News

2018-12-31 |

India’s Swaminathan Criticises GM Crops as Highly Unsustainable

M.S. Swaminathan is known as the "Father of the Green Revolution in India". Although the M.S. Swaminathan Research Foundation has promoted GM crops since the early 2000s, in a newly published peer-reviewed paper he co-authored with P.C. Kesavan, Swaminathan criticises GM crops as unsustainable and questions their safety and regulation.

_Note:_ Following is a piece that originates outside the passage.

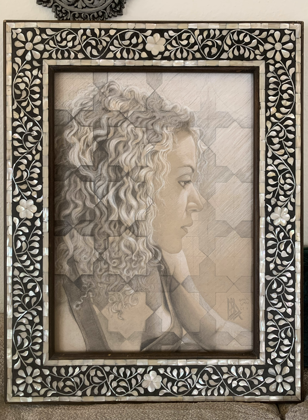I forgot to mention — the entire reason I made this was because I had this really cool frame that I wanted and I needed something to put into it. The frame has some sort of mother-of-pearl shell inlay into a dark resin, and I'm glad to finally have something worthy of the frame to put into it.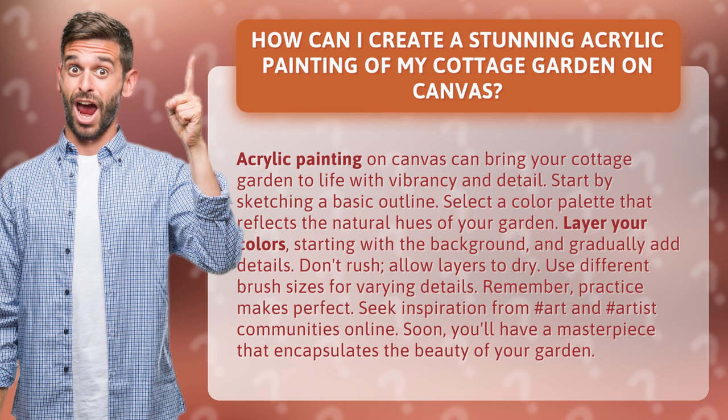Remember, practice makes perfect. Seek inspiration from hashtag art and hashtag artist communities online. Soon, you'll have a masterpiece that encapsulates the beauty of your garden.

The authors state that none of the new agricultural technologies, including the Green Revolution, has been truly sustainable largely because of their adverse environmental and social impacts. They conclude that Bt and herbicide-tolerant crops are highly unsustainable. The authors state that Bt cotton has failed in India as a sustainable agriculture technology, failing to provide livelihood security for poor cotton farmers.

The authors draw attention to the "rising health concerns associated with Bt-crops", as well as evidence pointing to the conclusion that "Bt toxins are toxic to all the organisms, including mammals". They state that the Indian government was right to place a moratorium on Bt brinjal (eggplant) and call for a ban on Bt crops (except Bt cotton) in the country.

The paper is highly critical of India's GMO regulators for endemic conflicts of interest, lack of expertise in GMO risk assessment protocols, including food safety assessment, the assessment of their environmental impacts, the lack of ‘need’ for expensive transgenic technology, and the lack of a socio-economic assessment of their farming impacts on small farmers.